There are also more advanced extensions of linear regression, such as elastic net regression [31], and other learning-based regressors such as support vector regression (SVR) [24]. We compare several popular regression methods in our ablations studies.

6 Experiments

6.1 Dataset and settings

We collected a set of 3D scans using the commercial scanner (Sect. 3). The dataset—NOMO3D—consists of 194 male and 181 female scans. For each subject, a clothing expert (tailor) made the actual anthropometric measurements (15 male and 19 female). All results are average performance over fivefold cross-validation.

Method evaluation We employ the mean absolute error (MAE) as the error metric between the ground truth and estimated anthropometric measurements. For each measurement i, mean absolute error \(\epsilon _i\), over all subjects j was obtained as

$$\begin{aligned} \epsilon _{i} = \frac{1}{|j|} \sum _{j=1}^{|j|} \left| t^{(j)}_{i} - \hat{t}^{(j)}_{i}\right| . \end{aligned}$$
(10)

In addition to the measurement-specific MAEs, we also computed the average MAEs over all measures. All numbers were measured in millimeters (mm). Moreover, for each measurement, we also report the proportion of the test samples for which the accuracy was below the defined error limits in [9] as Success rate.
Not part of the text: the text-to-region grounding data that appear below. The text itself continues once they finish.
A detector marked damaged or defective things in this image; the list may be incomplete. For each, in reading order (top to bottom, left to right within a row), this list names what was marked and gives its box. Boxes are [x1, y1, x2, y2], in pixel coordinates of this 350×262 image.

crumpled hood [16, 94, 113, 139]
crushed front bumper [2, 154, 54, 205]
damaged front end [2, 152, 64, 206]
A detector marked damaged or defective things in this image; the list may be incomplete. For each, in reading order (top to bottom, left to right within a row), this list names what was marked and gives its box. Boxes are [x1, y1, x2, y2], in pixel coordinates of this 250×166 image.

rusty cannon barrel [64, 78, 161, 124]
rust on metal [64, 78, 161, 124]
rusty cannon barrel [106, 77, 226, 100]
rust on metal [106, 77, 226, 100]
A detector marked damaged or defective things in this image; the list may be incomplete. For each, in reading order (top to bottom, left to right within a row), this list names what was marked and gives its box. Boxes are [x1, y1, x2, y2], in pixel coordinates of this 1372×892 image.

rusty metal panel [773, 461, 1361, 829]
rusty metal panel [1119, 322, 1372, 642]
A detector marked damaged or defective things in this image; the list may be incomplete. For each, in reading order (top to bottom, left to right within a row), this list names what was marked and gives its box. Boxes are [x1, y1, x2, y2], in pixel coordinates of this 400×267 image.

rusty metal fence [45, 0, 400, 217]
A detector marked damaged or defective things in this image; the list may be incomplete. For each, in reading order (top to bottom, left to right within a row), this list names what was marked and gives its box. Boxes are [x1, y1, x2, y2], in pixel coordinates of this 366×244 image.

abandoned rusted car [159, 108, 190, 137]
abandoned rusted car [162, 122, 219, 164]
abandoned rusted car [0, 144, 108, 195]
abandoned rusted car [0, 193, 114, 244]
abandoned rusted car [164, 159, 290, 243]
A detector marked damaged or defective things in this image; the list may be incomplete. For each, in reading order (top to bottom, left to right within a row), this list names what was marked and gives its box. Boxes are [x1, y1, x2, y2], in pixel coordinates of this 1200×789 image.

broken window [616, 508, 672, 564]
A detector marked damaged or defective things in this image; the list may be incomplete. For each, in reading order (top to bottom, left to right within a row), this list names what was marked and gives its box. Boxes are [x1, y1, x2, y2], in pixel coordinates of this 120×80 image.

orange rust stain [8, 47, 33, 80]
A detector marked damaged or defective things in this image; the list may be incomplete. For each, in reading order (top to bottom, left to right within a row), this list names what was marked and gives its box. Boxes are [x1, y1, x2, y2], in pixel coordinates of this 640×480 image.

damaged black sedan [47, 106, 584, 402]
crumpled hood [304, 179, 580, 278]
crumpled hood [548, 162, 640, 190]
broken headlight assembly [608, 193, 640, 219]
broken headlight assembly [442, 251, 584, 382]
Computational complexity The most time-consuming part is the non-rigid ICP registration. Matlab code was adapted from [1] and it runs approximately 2 min on each scan. The pre-alignment and initialization procedures are very fast, less than a second, as well as the regression which is also computationally fast.

Table 1 Average fivefold (\(80\%\) for training and \(20\%\) for testing) performance (mean absolute error) and success rate (a proportion of the test samples within the error limits in [9]) of anthropometric measurements

6.2 Results

The average fivefold errors for each anthropometric measurement and their accuracy thresholds and success rates are shown in Table 1. In all cases, the number of surface measurements were optimized for each anthropometric measurement and the best performing regressor (nonlinear SVR) was used. For the both male and female subjects the best performing measurement was neck circumference with \(93\%\) test cases below the threshold (6 mm) for men and \(81\%\) for women. The worst performing measure was ankle circumference for which only \(28\%\) of male \(24\%\) of female success rates were achieved. The error distributions for the male and female neck and ankle circumferences and male chest and female natural waist circumferences are shown in Fig. 6. The distributions reveal that there exists a small amount of test samples with a large error. It turned out that the main source of large estimation errors yields from the body scanner that often misses certain body parts. For example, feet regions often lack point cloud points which makes the registration fail in these regions (Fig. 7).

Fig. 6
figure 6

Error distributions illustrating low, moderate and well performing estimates. Top (male) : ankle circumference (low), chest circumference (moderate), neck circumference (high); bottom (female) : ankle circumference (low), natural waist circumference (moderate) and neck circumference (high). The red vertical lines denote the acceptance thresholds in [9] (color figure online)

6.3 Ablation study

Number of circumference paths In the first ablation study, we investigated the effect of adding multiple surface measurements (circumference paths) to the anthropometric regression. The results for three well and three poorly performing measurements for the both male and female are shown in Fig. 8. Results are for nonlinear SVR regressor with fivefold cross-validation. The most important findings are that additional paths always improve the accuracy and depending on the measurement the results saturate at 3–9 surface circumference paths. In particular, paths close to the physical anthropometric measurement location strongly contribute to the estimation accuracy. The best single paths (\(C=1\)) were also selected using cross-validation and the results with and without SVR regression are shown in Table 1. These results indicate that (i) the multi-path regression is superior to single path regression and (ii) SVR significantly improves the estimation performance.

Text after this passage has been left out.